Веселый кавалер. Глава 10
Баронесса Орци. Веселый кавалер
Глава 10
ВЕСЕЛЫЙ КАВАЛЕР
Сейчас нам известна каждая складка этого камзола, с его пышными рукавами с малиновыми отворотами и богатой вышивкой, с прорезями, сквозь которые проглядывает белоснежное белье, эти роскошные кружева на воротнике и манжетах... Бессмертная картина Франса Хальса, названная им "Веселый кавалер", сохранила каждую деталь этого замечательного наряда на вечные времена.
Диоген был в восторге от своего одеяния, великолепие которого так соответствовало его гордому виду: тонкое серое сукно, изумительной работы кружева и богатый шелковый пояс еще более подчеркивали благородство его осанки. Всё в этой фигуре было призвано радовать взгляд художника: поза, настроение, сочетание линий, колорит – и это лицо, полное жизни, и этот веселый блеск в глазах, и задорная улыбка.
Мы стоим перед картиной, удивляясь мастерству живописца: нам кажется, что мы уже видели изображенного на ней человека, чей облик, запечатленный на холсте гениальной рукой мастера, знаком нам до мельчайших подробностей. Это Диоген – солдат удачи, человек, не склоняющийся ни перед чьей волей, кроме собственной, слишком независимый, чтобы почитать чью-либо власть или высокородство, человек, принимающий жизнь такой, какая она есть, сдабривающий ее собственной веселостью и бесценным даром не предаваться унынию. Мы восхищаемся его жизнерадостностью, закрываем глаза на его заносчивость, прощаем ему беспечное пренебрежение всем тем, что диктуют здравомыслие и приличия. Глаза его подмигивают, уста вот-вот заговорят – и всё же этот благородный лоб, тонкие прямые брови, изящно вырисованные нос и подбородок порою озадачивают нас, ибо никак не согласуются с прозвищем вместо имени не знающего родства бродяги, – пока мы не вспомним фразу, произнесенную им в таверне "Хромая корова" новогодним утром: "Мой отец был один из тех, кто прибыл сюда с экспедицией Лейстера".
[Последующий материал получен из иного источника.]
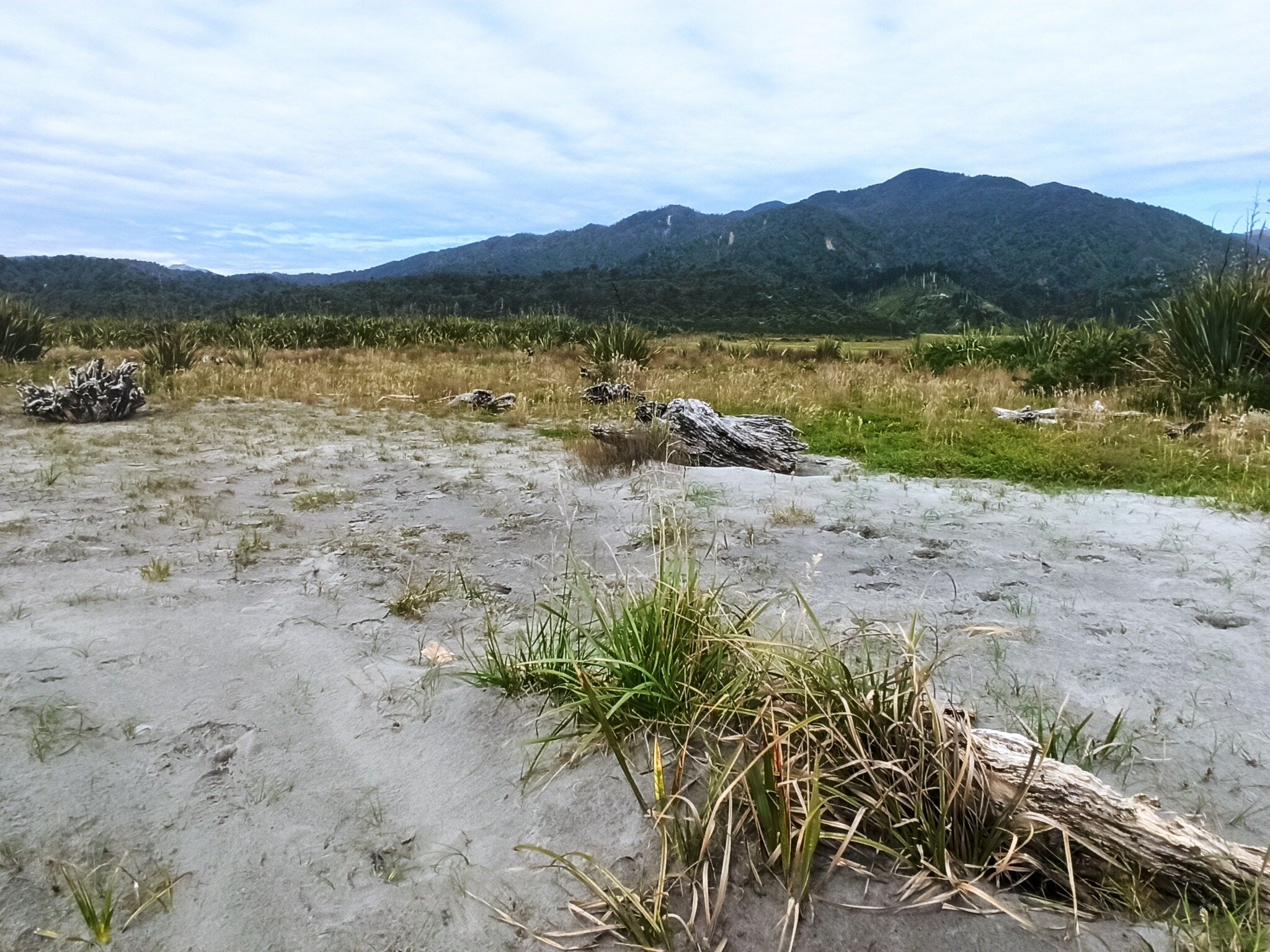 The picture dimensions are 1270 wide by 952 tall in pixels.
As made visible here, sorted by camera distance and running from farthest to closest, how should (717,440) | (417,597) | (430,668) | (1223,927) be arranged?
(717,440), (417,597), (430,668), (1223,927)

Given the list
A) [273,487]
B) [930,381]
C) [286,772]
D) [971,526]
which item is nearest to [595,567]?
[286,772]

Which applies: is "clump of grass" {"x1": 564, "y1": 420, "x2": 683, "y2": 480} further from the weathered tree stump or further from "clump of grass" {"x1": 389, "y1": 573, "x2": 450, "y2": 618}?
the weathered tree stump

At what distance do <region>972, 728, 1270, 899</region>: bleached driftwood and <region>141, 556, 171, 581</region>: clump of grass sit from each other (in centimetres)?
403

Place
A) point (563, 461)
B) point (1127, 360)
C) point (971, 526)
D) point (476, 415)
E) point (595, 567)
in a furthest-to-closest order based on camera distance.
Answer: point (1127, 360), point (476, 415), point (563, 461), point (971, 526), point (595, 567)

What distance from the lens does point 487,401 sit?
1138 centimetres

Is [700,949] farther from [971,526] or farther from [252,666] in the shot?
[971,526]

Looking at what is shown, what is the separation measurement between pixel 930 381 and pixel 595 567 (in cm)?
1006

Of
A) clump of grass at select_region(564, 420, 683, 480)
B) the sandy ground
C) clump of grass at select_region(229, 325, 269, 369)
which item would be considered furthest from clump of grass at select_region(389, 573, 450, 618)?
clump of grass at select_region(229, 325, 269, 369)

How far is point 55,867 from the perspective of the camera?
79.8 inches

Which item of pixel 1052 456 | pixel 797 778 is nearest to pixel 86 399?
pixel 797 778

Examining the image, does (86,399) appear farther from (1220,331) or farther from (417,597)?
(1220,331)

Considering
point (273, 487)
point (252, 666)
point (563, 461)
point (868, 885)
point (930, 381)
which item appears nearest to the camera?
point (868, 885)

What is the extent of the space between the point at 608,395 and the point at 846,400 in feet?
11.6

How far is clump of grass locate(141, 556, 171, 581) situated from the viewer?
4105mm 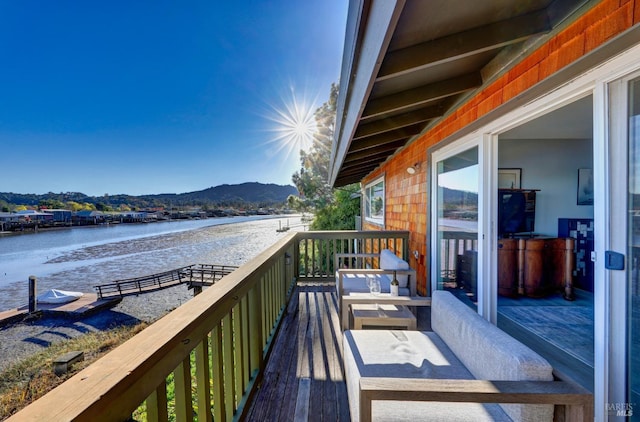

Итак, в этот момент мы видим его стоящим в неподвижности, пока художник занят своим делом: его высокая фигура выпрямлена, голова слегка откинута назад, рука покоится на поясе, утонув в складках тончайшего кружева. Таким и увидел его минхер Николас Берестейн, войдя в мастерскую художника в 10 часов всё того же новогоднего утра.
– С Новым годом тебя, мой добрый Хальс, – произнес он с легкой снисходительностью в голосе. – Ну и погодку принес с собой новый год. На улицах снега по колено.
С тем же снисходительным видом он кивнул в ответ на подобострастный поклон художника. Его отец, господин советник Берестейн, оказывал Франсу Хальсу свое покровительство, и в цивилизованной Европе к тому времени еще не пробил час, когда богатство снимает шляпу перед гениальностью в желании приобщиться к великому. В том далеком 1624 году гениальности еще приходилось самой кланяться и смиренно принимать, если не вымаливать, благосклонность богатства.
Николас Берестейн не знал, как ему следует приветствовать человека, с которым он несколько часов назад перекидывался репликами в таверне и в надежде найти которого он, собственно говоря, и пришел сюда. Милостивый кивок, каким он удостоил Франса Хальса, по-видимому, был бы не очень уместен в отношении этого надменного молодого сорвиголовы, который смотрел на него сверху вниз с возвышения для натуры, так что Николасу приходилось задирать голову, чтобы встретиться с ним взглядом.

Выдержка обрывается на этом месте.